**EXERCISE DETAILS**
Set the data below down again, exactly, with every picture left out.

**DATA PROVIDED**
= = =
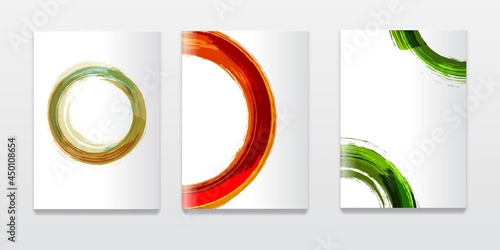 Brochure or booklet design template with watercolor circle. Corporate report or advertizing mockup with colorful ink ring.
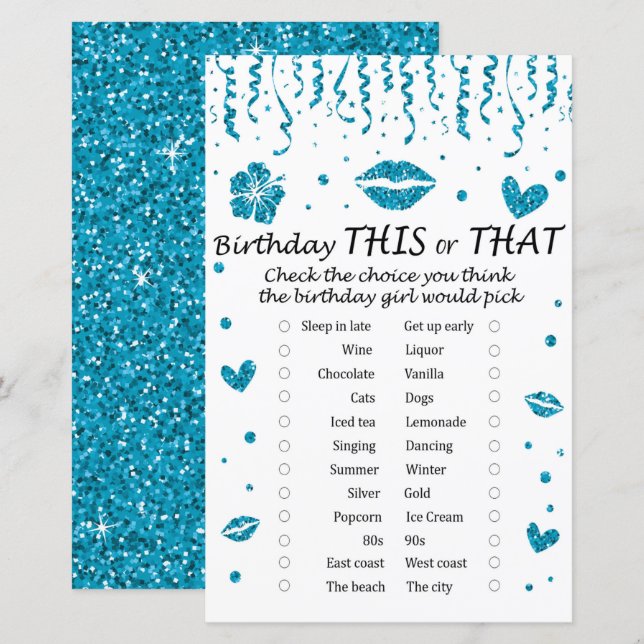Papier Parties scintillant bleue Anniversaire de ce ou ce (Devant / Derrière)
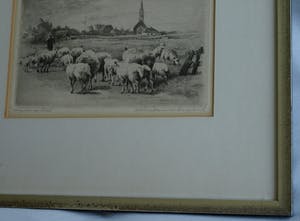 Maarten Langbroek - Ingelijste ets, Voorjaar op Texel – ca. 1970 kopen? Bied vanaf 35!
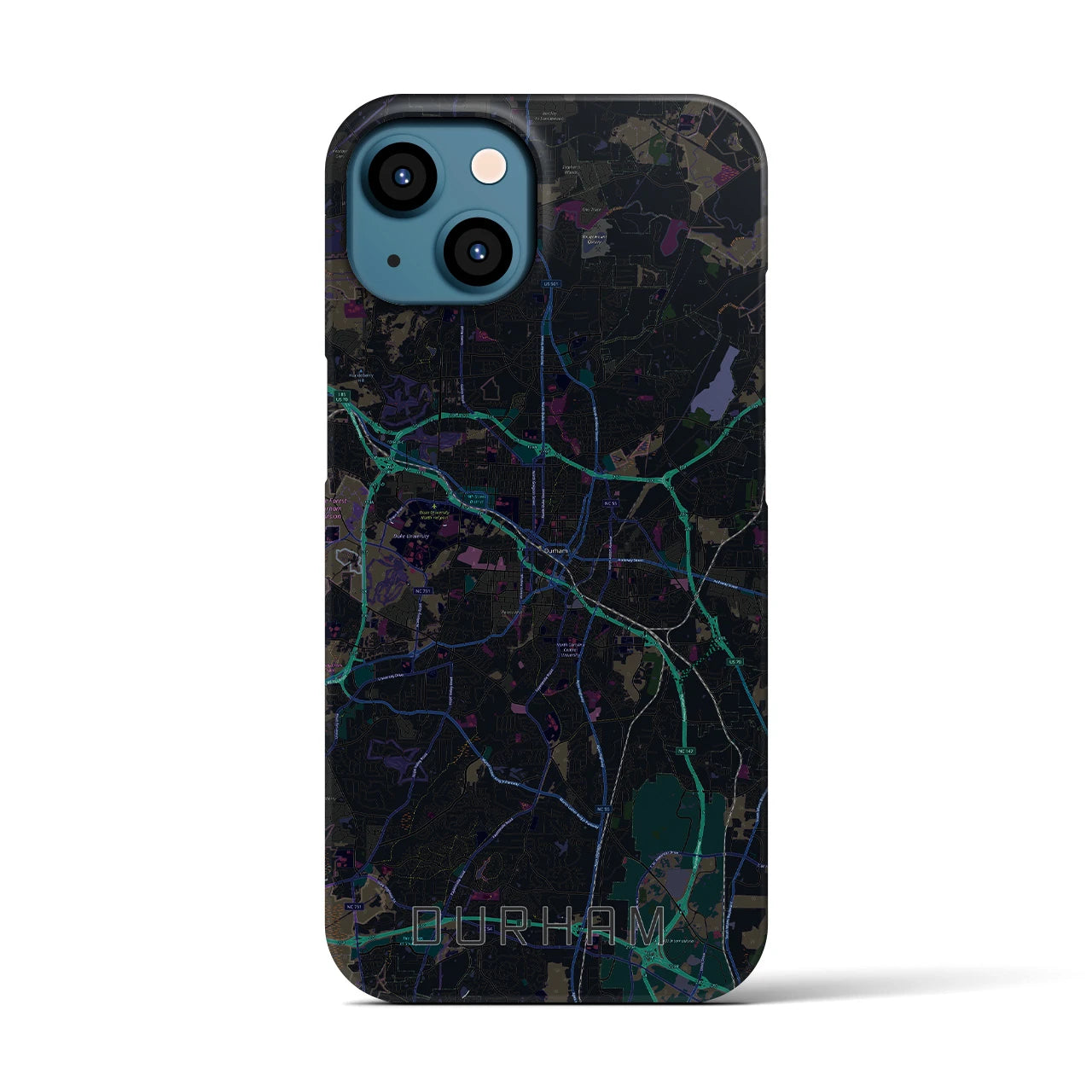 【ダーラム（アメリカ）】地図柄iPhoneケース（バックカバータイプ）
= = =
**RESPONSE TO THE TASK**
 Brochure or booklet design template with watercolor circle. Corporate report or advertizing mockup with colorful ink ring.
Papier Parties scintillant bleue Anniversaire de ce ou ce (Devant / Derrière)
 Maarten Langbroek - Ingelijste ets, Voorjaar op Texel – ca. 1970 kopen? Bied vanaf 35!
 【ダーラム（アメリカ）】地図柄iPhoneケース（バックカバータイプ）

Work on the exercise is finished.